Peanut Butter Falcon Shia LaBeouf Zack Gottsagen review

Year: 2019
Director(s): Tyler Nilson, Michael Schwartz
Writer(s): Tyler Nilson, Michael Schwartz
Region of Origin: US
Rating: PG-13
Digital, Color, 93 mins

Synopsis: Zak runs away from his care home to make his dream of becoming a wrestler come true. (Source)

With all the horrible things happening in the world, it’s getting harder and harder to remember all the good. The Peanut Butter Falcon is exactly the palette cleanser we need right now. It’s not a film that looks at the world through rose colored glasses, but one that strips it down to its bare essentials.
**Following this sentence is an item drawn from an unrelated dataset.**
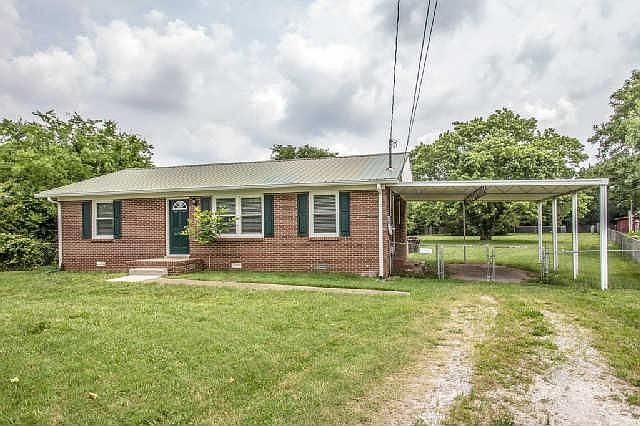 1st image of 834 Twin Oak Dr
It steps slightly outside of our self-centered purview to look at life at its most pure. Avoiding exploitation or overly sentimental simplifications, directors Tyler Nilson and Michael Schwartz imbue graceful truths with crowd-pleasing fun. Thanks to a revelatory performance from star Zack Gottsagen, no matter who you are, or where you’re at, this film will absolutely disarm you. It’s a powerful reminder of what really matters in this life. 
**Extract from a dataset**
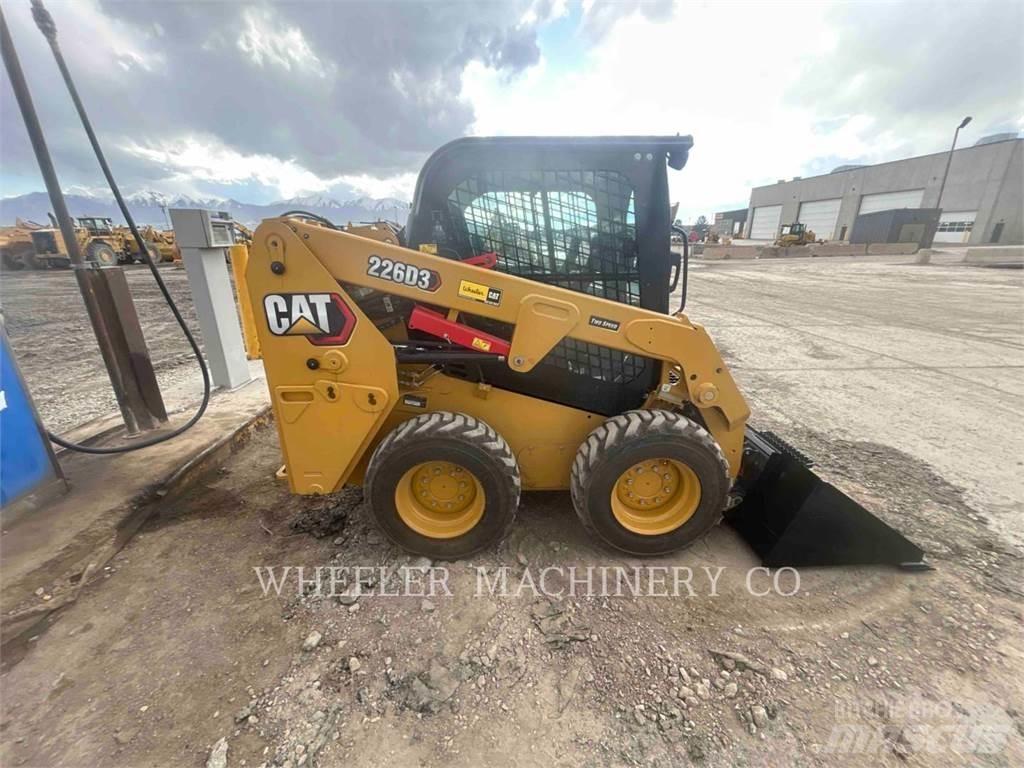 CAT 226D3 C3H2 Kompaktlaadurid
Within the fringes of the Deep South are two lost souls. After a personal tragedy, Tyler (Shia LaBeouf) is a rudderless fisherman resorting to criminal means to make ends meet. His actions are about to catch up with him, sending him on the run. Opposite, Zak (Zack Gottsagen) is a young man with Down Syndrome who dreams of becoming a wrestler. Slowing wasting within the walls of a retirement home, Zak’s roommate helps him slide thorough the bars of their window, all greased up and wearing nothing but his underwear. After a few mishaps, Tyler and Zak eventually cross paths. While they have seemingly nothing in common, the two form a bond that makes their odyssey through the lazy Mississippi River a genuine life changer.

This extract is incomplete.